[from Hall Caine My Story]

CHAPTER IX
MY FIRST VISITS TO AMERICA

I HAVE made four visits to America ; but two of them were occupied entirely by business interests, and only the first and second had any real relation to my life as an author. To meet the unknown friends whom my books had won for me across the Atlantic was a joyful, sometimes an embarrassing and occasionally an exacting experience.

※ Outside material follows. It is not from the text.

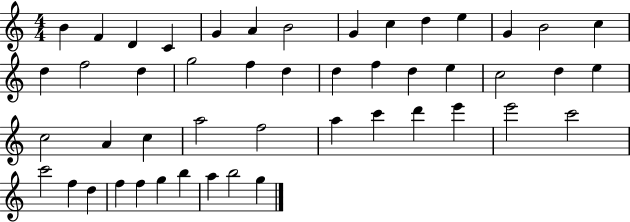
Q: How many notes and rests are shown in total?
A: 48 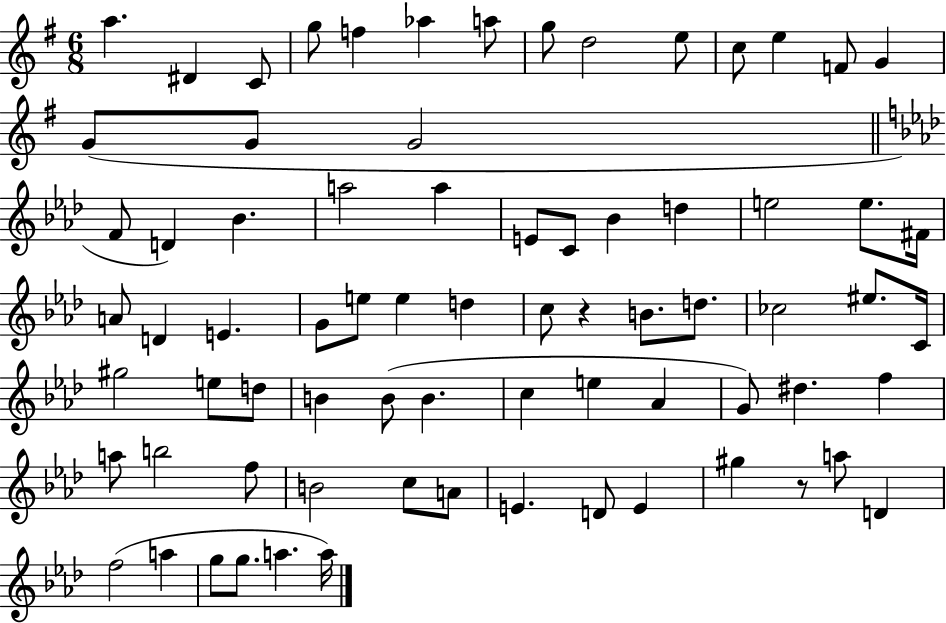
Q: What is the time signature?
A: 6/8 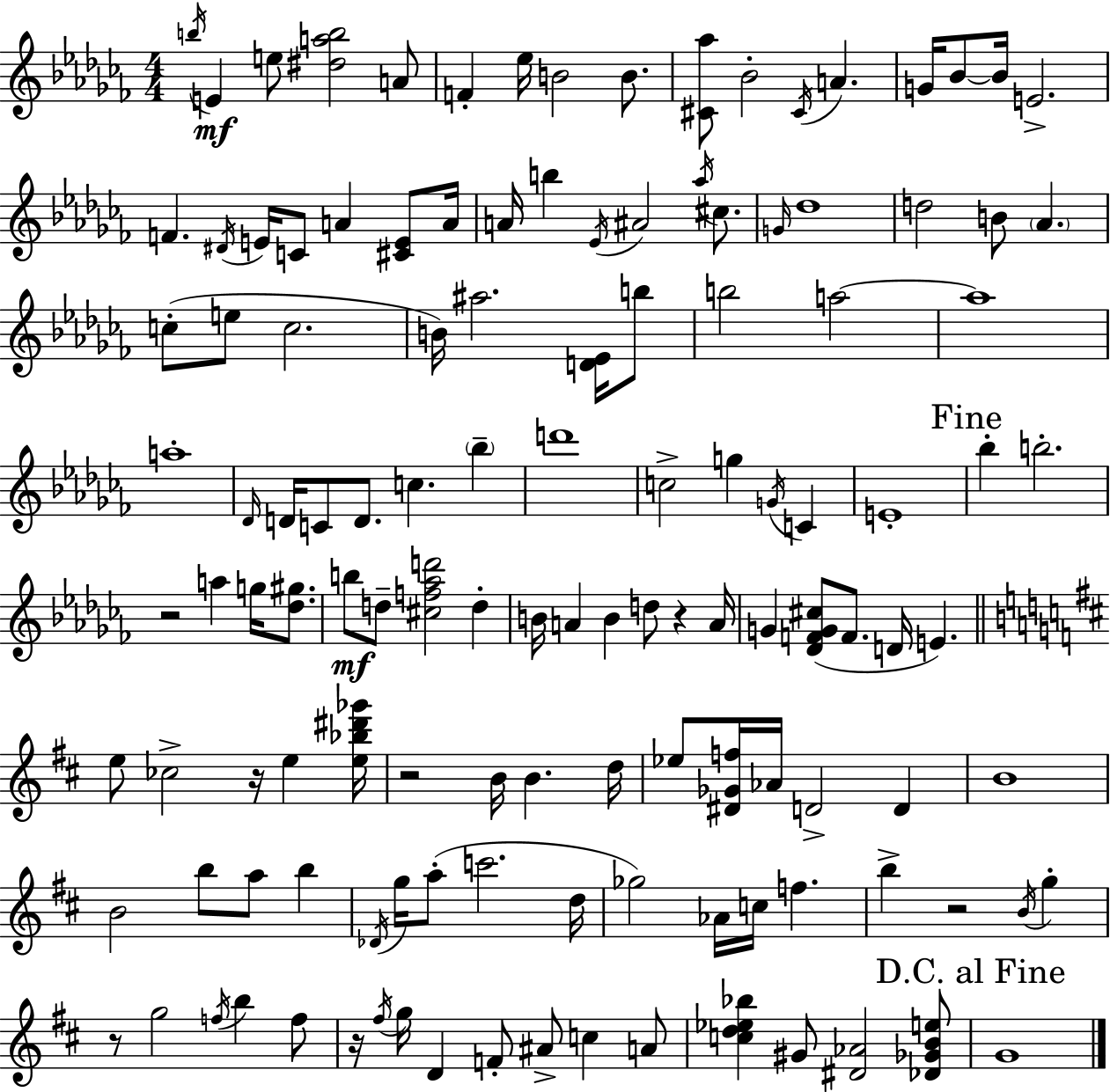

A malady which might well be known by the name of American hospitality awaits every Englishman who has spoken to the hearts of the people of the United States.

I know nothing like it in any other part of the world, and when I read of the reception of Dickens and Thackeray in America, and see how the cities of the States seemed to stand still in order to give to two writers of great books the welcome which is reserved in other countries for soldiers and statesmen, I am as much perplexed as proud. But I know by personal experience that the hospitality of America is equal to an effort more unaccountable than that, and I remember with gratitude and emotion which will last as long as my life the kindness that was shown to me in the generous country across the Atlantic when the great English nation that is American began to interest itself, through my earlier books, in the little English nation that is Manx.

It would not become me to dwell upon that, farther than to recognise and acknowledge it; but it may perhaps be allowed to me to speak of certain aspects of American life which come within the purview of a man of letters.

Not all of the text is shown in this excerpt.